— Work to be completed —
Once the line containing "Fruties Maglietta A" is found in the data below, repeat it and every later line exactly, leaving the pictures out.

— Given information —

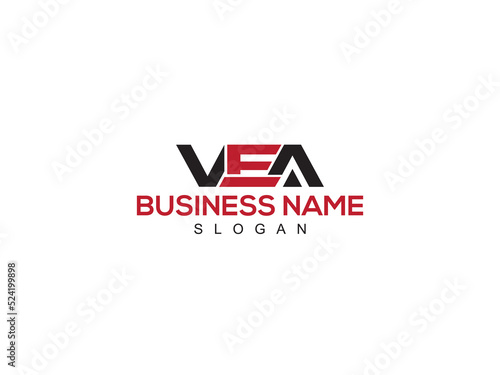 Monogram VEA Logo Letter Vector, Letter VE vea Logo Icon Design For Your All Business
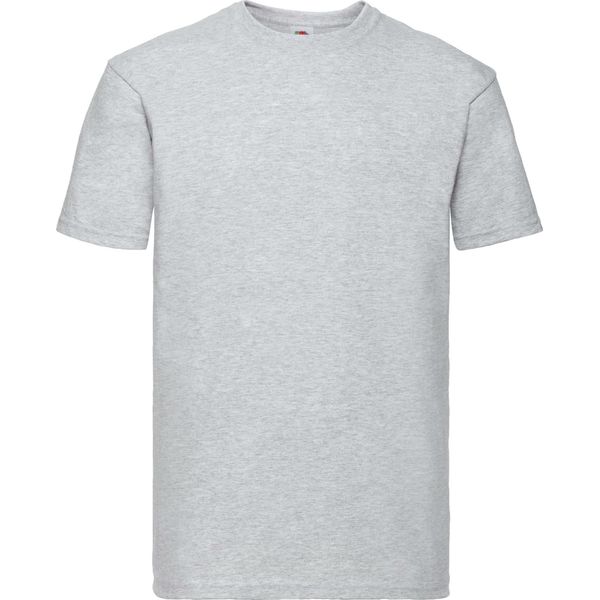 Fruties Maglietta A Maniche Corte Majlind Uomo Grigio Erica 4XL-image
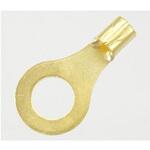 R5.5-8G 丸端子R5.5-8 24金メッキ アズワン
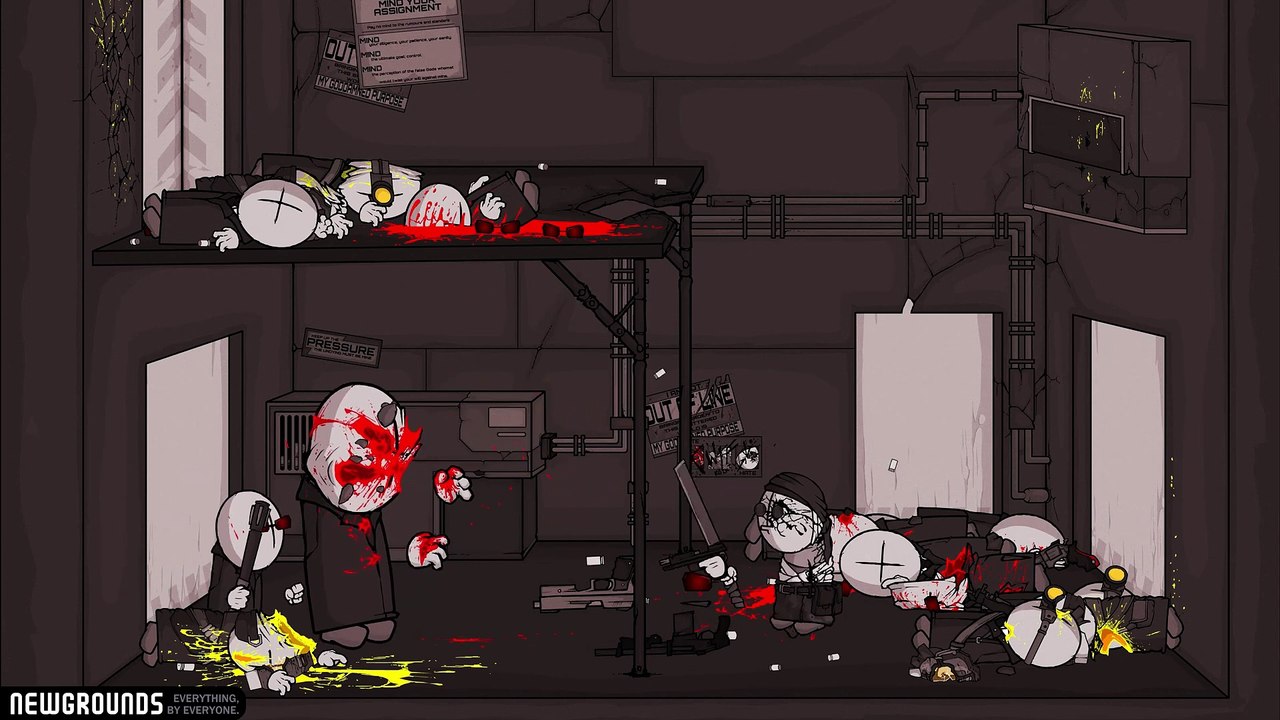 Madness Combat 12: Contravention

— Response area —
 Fruties Maglietta A Maniche Corte Majlind Uomo Grigio Erica 4XL-image
 R5.5-8G 丸端子R5.5-8 24金メッキ アズワン
 Madness Combat 12: Contravention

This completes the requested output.